For years, companies have clung to the comforting fiction that cybersecurity disasters can be prevented by forcing employees to sit through another phishing simulation or annual webinar. Click this. Don’t click that. Watch this video. Pass this quiz. Check the compliance box… The truth is finally impossible to ignore, security awareness training – the industry’s sacred cow – simply doesn’t work!
Study after study from top universities has said the quiet part out loud. Annual training has no measurable impact on phishing resilience! Not some impact, but none! Whether users completed their training last week or last year, doesn’t matter. They fall for phishing attacks at the same rate.
The stopgap fixes aren’t any better. Those little “Oops, you clicked!” lessons that companies shove in front of employees after they fail a phishing test? They don’t work either. Even worse, they can backfire, giving employees the false belief that mistakes are harmless or easily corrected, which actually makes them more susceptible to future attacks – it is the cybersecurity version of giving someone a participation trophy for nearly compromising the company.

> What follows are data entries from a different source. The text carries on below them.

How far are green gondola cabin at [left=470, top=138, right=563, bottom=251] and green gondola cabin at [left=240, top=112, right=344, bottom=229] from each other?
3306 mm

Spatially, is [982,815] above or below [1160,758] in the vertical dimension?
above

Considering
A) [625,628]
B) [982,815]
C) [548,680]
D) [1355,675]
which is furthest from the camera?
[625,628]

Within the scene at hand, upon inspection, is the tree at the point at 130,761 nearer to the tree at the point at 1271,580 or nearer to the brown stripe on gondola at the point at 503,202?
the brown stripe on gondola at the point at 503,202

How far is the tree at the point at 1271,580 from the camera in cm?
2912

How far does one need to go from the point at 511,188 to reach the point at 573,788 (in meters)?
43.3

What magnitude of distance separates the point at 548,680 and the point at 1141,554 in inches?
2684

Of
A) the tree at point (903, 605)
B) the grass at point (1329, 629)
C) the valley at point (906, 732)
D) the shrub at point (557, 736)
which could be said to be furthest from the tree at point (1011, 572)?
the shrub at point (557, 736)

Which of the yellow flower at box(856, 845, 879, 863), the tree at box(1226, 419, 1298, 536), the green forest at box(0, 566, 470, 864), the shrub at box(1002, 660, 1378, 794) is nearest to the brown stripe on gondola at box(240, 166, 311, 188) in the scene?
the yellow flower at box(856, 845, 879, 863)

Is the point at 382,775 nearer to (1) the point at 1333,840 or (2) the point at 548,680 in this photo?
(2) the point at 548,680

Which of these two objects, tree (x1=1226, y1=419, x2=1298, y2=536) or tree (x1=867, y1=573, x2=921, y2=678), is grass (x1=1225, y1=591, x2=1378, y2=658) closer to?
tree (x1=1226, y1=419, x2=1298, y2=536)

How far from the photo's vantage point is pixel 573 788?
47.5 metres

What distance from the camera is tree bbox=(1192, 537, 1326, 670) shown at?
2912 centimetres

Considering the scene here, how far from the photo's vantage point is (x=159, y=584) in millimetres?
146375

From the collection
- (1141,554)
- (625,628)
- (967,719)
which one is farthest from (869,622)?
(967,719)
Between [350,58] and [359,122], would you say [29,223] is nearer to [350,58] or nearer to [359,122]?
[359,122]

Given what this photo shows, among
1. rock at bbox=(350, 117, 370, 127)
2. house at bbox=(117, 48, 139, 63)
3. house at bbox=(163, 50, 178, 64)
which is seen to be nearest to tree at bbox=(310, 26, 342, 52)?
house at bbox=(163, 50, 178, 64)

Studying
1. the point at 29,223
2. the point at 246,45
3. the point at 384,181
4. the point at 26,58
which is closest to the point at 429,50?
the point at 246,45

Mandatory remediation? Also a bust! The people most likely to click on fake emails keep clicking even after the forced training. In other words, the very group the training is designed to save, is the one it helps the least.
Let’s also dispel another illusion. Even when training does boost a person’s ability to spot phishing lures, that skill evaporates within months. Six months after training, most of the improvement is gone. We’re essentially running in place and calling it progress.
The deeper issue is that cybersecurity training is built on a flawed premise. It imagines that people behave securely because they know how, when the evidence shows that knowledge is only the smallest part of the equation – human behavior runs on stress, habits, motivation and context, not trivia from a slide deck. You can teach someone a hundred warning signs of a phishing attempt, but if they’re rushing, tired or overloaded, they’ll click anyway.
The research couldn’t be more clear. The industry has mastered changing attitudes and test scores, but not actual behavior – and behavior, not knowledge, is what stops breaches.
Meanwhile, the one thing that does help is not flashy at all. Not simulations. Not quizzes. Not compliance modules. It is simple, consistent reminders. Nudges that reinforce secure behavior without humiliating people for mistakes. Quiet, behavior-focused support works better than the theatrical “gotcha” exercises some companies still cling to.
The cybersecurity world needs to stop pretending that awareness training – as it exists today – is anything more than a security placebo. If organizations want real protection, they must redesign training from the ground up around behavioral science. Not box-checking, not scare tactics, and not corporate rituals that make executives feel safer without actually keeping anyone safe.
Breaches are exploding despite unprecedented levels of “awareness.” That should tell us everything we need. Security training has become a ritual of false reassurance, and until we rebuild it for the way humans actually think and behave, we will keep failing – one click at a time.